-- Instructions to follow --
Output the records below in full, word for word; pictures do not belong in it.

[Captioned web images]
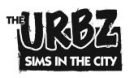 EA The Urbz Sims In The City GBA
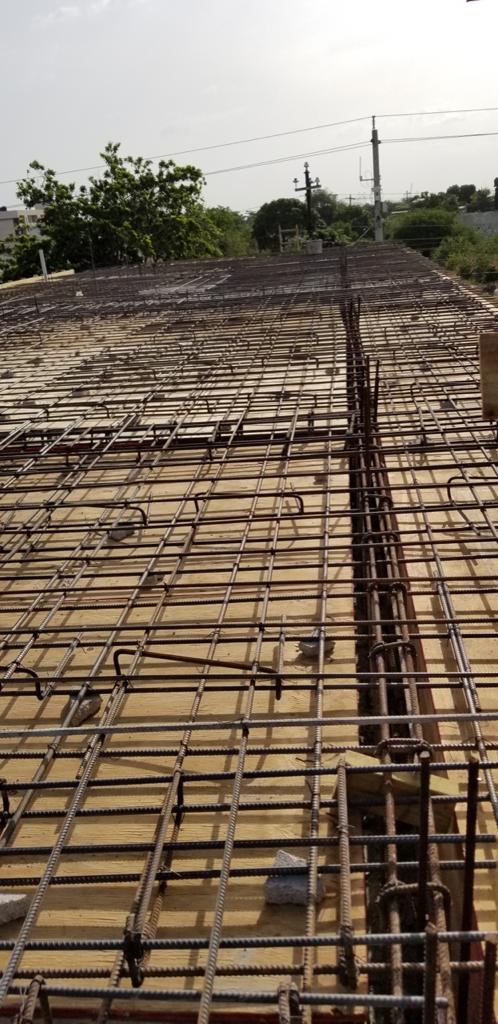 Wattos Construction Limited photo 3
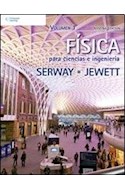 Papel FISICA PARA CIENCIAS E INGENIERIA VOLUMEN I (9 EDICION)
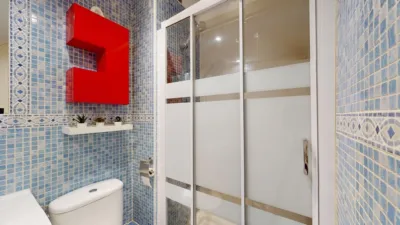 Piso en alquiler en Calle de Antonio Toledano - Imagen 31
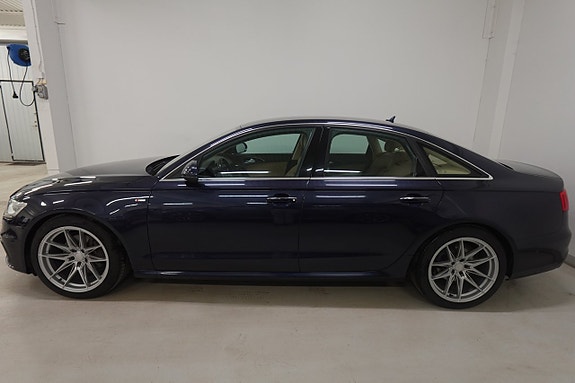Audi A6 3 of 5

-- Answer space --
 EA The Urbz Sims In The City GBA
 Wattos Construction Limited photo 3
 Papel FISICA PARA CIENCIAS E INGENIERIA VOLUMEN I (9 EDICION)
 Piso en alquiler en Calle de Antonio Toledano - Imagen 31
Audi A6 3 of 5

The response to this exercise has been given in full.